Métriques Valeur Évolution
Déficit public 2024 168,6 Md€ +0,4 pt de PIB vs 2023
Besoin budgétaire 2026 40 Md€ Estimation en cours
Rendement revendiqué de la taxe Zucman 20 Md€/an Montant contesté
Objectif d'économies évoqué par François Bayrou 44 Md€ Référence publique

Déficit 2024 : repères utiles

168,6 Md€ de déficit en 2024, soit 5,8 % du PIB. La hausse tient à des dépenses dynamiques malgré des recettes en progression, ce qui renforce la recherche de recettes nouvelles. L'ajustement budgétaire 2026 devra arbitrer entre économies, hausses ciblées et stabilité de l'investissement.

Un déficit à 5,8 % du PIB signifie que les dépenses des administrations publiques dépassent leurs recettes de 5,8 % de la richesse produite en un an. Ce ratio permet de comparer des périodes et des pays, indépendamment de la taille nominale de l'économie.

Que prévoit précisément la taxe zucman

Proposée dans un rapport publié en juin 2024, la taxe dite Zucman instaurerait un impôt minimum de 2 % sur la part de patrimoine dépassant 100 millions d'euros. L'objectif affiché est de cibler les très hauts patrimoines tout en évitant d'alourdir la charge sur les classes moyennes et l'investissement productif.

Le champ serait très concentré : environ 1 800 foyers fiscaux seraient concernés. Le trio d'économistes à l'origine du concept, Gabriel Zucman, Olivier Blanchard et Jean Pisani-Ferry, documente un déséquilibre de prélèvements entre ménages et ultra-riches.

D'après leurs calculs, la majorité des Français supporte autour de 50 % de prélèvements sur leurs revenus. Les milliardaires, eux, afficheraient un taux effectif proche de 27 %, avec un profil hétérogène au sommet de la distribution : environ 46 % pour les 0,1 % les plus aisés, mais seulement 26 % pour les 0,0002 % des patrimoines extrêmes.

La mécanique avancée est connue : les fortunes les plus élevées reposent souvent sur des actifs financiers et professionnels, peu taxés tant que les plus-values ne sont pas réalisées. La taxe vise donc un plancher d'imposition à partir d'un seuil de richesse, plutôt qu'une majoration d'un impôt existant.

Qui porte la proposition

Le dispositif a été conçu par Gabriel Zucman avec le concours d'Olivier Blanchard et de Jean Pisani-Ferry.

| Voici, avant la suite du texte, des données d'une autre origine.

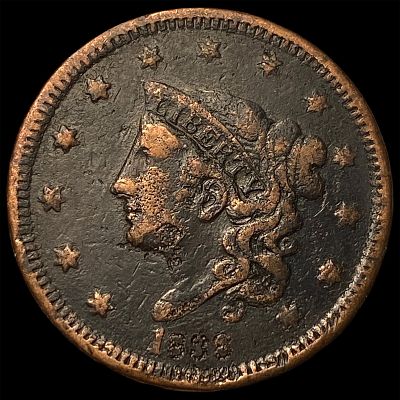 1838 Coronet Head Large Cent LIGHTLY CIRCULATED. 1838 Coronet Head Large Cent LIGHTLY CIRCULATED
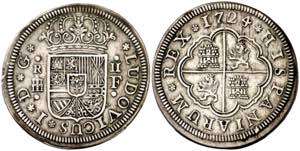 1724. Luis I. Segovia. F. 2 reales. (AC. ... 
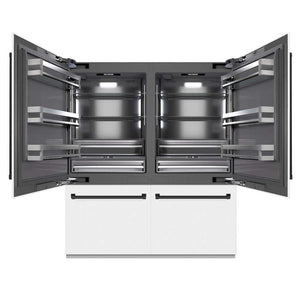 ZLINE Autograph Edition 72 in. 39.6 cu. ft. French Door Built-In Bottom Freezer Refrigerator with Water Dispensers and Ice Makers in White Matte with Graphite Gray Interior and Matte Black Accents (GRBITZ-WM-72-MB) front, refrigeration compartment open.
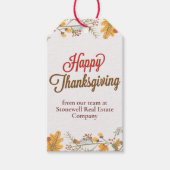 Happy Thanksgiving Chic Fall Leaves Company Party Cadeaulabel (Voorkant)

Il s'inscrit dans un débat élargi sur l'équité des prélèvements, alors que le taux normal de l'impôt sur les sociétés a été abaissé à 25 % en 2022 pour aligner la France sur la moyenne OCDE.

Le principe consiste à appliquer une contribution minimale sur la fraction de patrimoine au-delà de 100 millions d'euros. Si, pour un patrimoine donné, la fiscalité existante produit déjà un taux effectif supérieur, la taxe n'ajouterait rien. Sinon, elle viendrait compléter pour atteindre au moins 2 %.

Rapport de force politique et itinéraire parlementaire

Sur le plan politique, la proposition clive. Les partis de gauche la soutiennent et ont déposé un texte au Parlement.

Les Républicains et la droite s'y opposent, privilégiant d'autres leviers sur la dépense et la compétitivité. Le bloc central composé de Renaissance, MoDem et Horizons ne valide pas la version actuelle. Dans ces rangs, on souhaite exclure les outils professionnels du périmètre et ajuster les garde-fous pour préserver l'investissement.

La journée parlementaire est dense : le Sénat examine la proposition ce 17 septembre 2025, tandis que l'exécutif teste des alternatives pour sécuriser des recettes sans détériorer l'attractivité. Les signaux envoyés par Bercy sur la stabilité fiscale et la prévisibilité des règles visent à rassurer les investisseurs et les directions financières.

Il s'agit des actifs nécessaires à l'activité économique, comme des participations de contrôle ou des équipements industriels. Les débats portent sur l'opportunité de les exclure du calcul de la base taxable afin de ne pas fragiliser les entreprises familiales, les ETI ou les start-up en croissance.

Lecture macroéconomique : ce que disent les données fiscales récentes

Deux séries chiffrées structurent le débat. Premièrement, le taux normal de l'impôt sur les sociétés a été abaissé de 33,3 % à 25 % entre 2016 et 2022, rapprochant la France des standards internationaux. Deuxièmement, l'impôt implicite des profits est, en moyenne, plus élevé pour les PME que pour les grandes entreprises, signe d'une efficacité fiscale asymétrique selon la taille des sociétés (Insee, 2 septembre 2025).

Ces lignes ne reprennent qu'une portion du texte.